Just one week after a similar encounter with another AFC North team in the Cleveland Browns, which the Chargers won 47-42, they’ll be faced with the task of limiting the ever-versatile Lamar Jackson and their offense which is averaging 27 points a game.

The Los Angeles defense has allowed over 20 points just twice this season, as they look to limit the NFL’s top offense in terms of total yards per game, averaging 440.6, on the back of Top-10 rushing and passing games.

Adam Archuleta, CBS Analyst and former NFL safety, offered his thoughts prior to Sunday, noting that the Chargers will have their hands full in this matchup. (Editor’s note: This conversation has been lightly edited and condensed for clarity.)

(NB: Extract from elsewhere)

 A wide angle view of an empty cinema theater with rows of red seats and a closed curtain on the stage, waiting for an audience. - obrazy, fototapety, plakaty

What do you think the secret sauce should be in stopping the Ravens’ offense?

“Well there’s no secret sauce. Anytime you’re talking about a player of Jackson’s caliber, an MVP player, or a quarterback, you have to be at your best and they have to have a subpar game. All things being equal, that’s why the top quarterbacks are so hard to stop. You can do everything perfect, but they’re so good. When I look at their offense it’s three-dimensional, they can hurt you in three ways: it’s their running game – which includes Jackson, it’s their play-action game and then it’s their drop-back passing game. Two of those phases are where they get their big plays: that’s their run game and their play-action game, so you have to eliminate those – if you can. You have to be excellent on first down and y0u have to get them in obvious passing situations, and force them into the drop-back passing game. If you do that, your front four has to have a great game, and you have to put massive pressure on him.”

The Ravens run game is obviously something teams have struggled to deal with in the recent past; despite losing J.K. Dobbins, Gus Edwards and Justice Hill to injury this season, the team still ranks fourth in the league with 148.8 yards rushing per game. The Chargers should expect more of the same from an offense that throws convention out the window.

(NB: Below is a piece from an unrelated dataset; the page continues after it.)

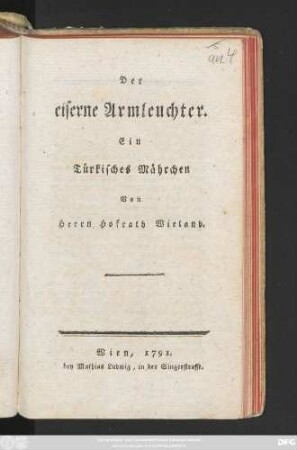 Der eiserne Armleuchter : Ein türkisches Mährchen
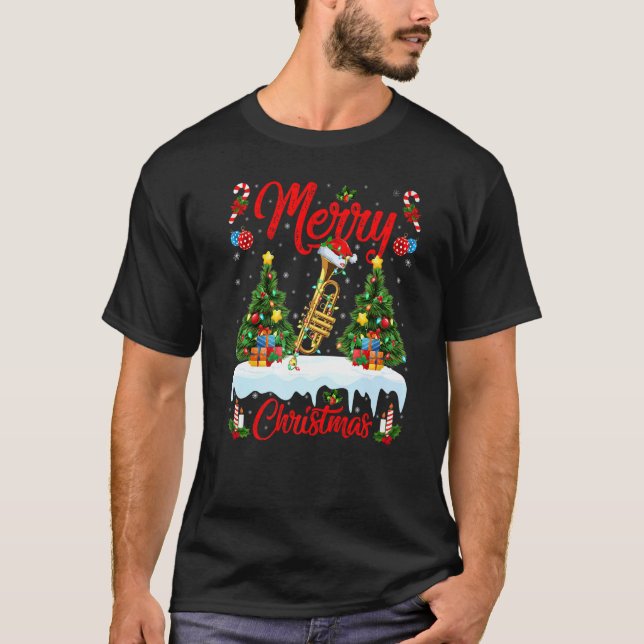 Camiseta Trumpet Music  Lights Xmas Tree Santa Trumpet Chri (Frente)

Archuleta continued on with an honest opinion of the Chargers’ defense, especially after their performance last week, which shot them down to 32nd overall in terms of rushing defense, worst in the league.

When you look at their defense, do you think this unit could be good enough to potentially complement this Chargers’ offense?

“Well first I would say that they’re not a Top 10 defense. You also have to look at the caliber of teams and the caliber of offenses that they’ve played: this Chargers football team – they’re battle-tested. They’ve had some really good teams that they’ve had to play against. After I started watches the coaches copy of the defense, I felt like up front they got pushed around too much inside, so they’re not very stout in the middle. On the outside, I didn’t think their edge players did a really good job of containing the run – too many times they let the run get outside and they did get exposed a little bit on some shots downfield. I think it’s a defense that is okay from top to bottom, I don’t think they’re a top tier. In the middle, I think they can be a little bit more stout, and that’s really something that I’m looking for in this game.”

On the other side of the ball, the Chargers have used their own offense well, coming in as the third-best passing offense in the league behind second-year quarterback Justin Herbert, who has thrown for 11 touchdowns over his last three games. This can be attributed to a wide array of factors, as Archuleta pointed out when he mentioned the composure of Justin Herbert and the rebuild of their offensive line.

INGLEWOOD, CALIFORNIA – OCTOBER 10: Justin Herbert #10 of the Los Angeles Chargers at SoFi Stadium on October 10, 2021 in Inglewood, California. (Photo by Ronald Martinez/Getty Images)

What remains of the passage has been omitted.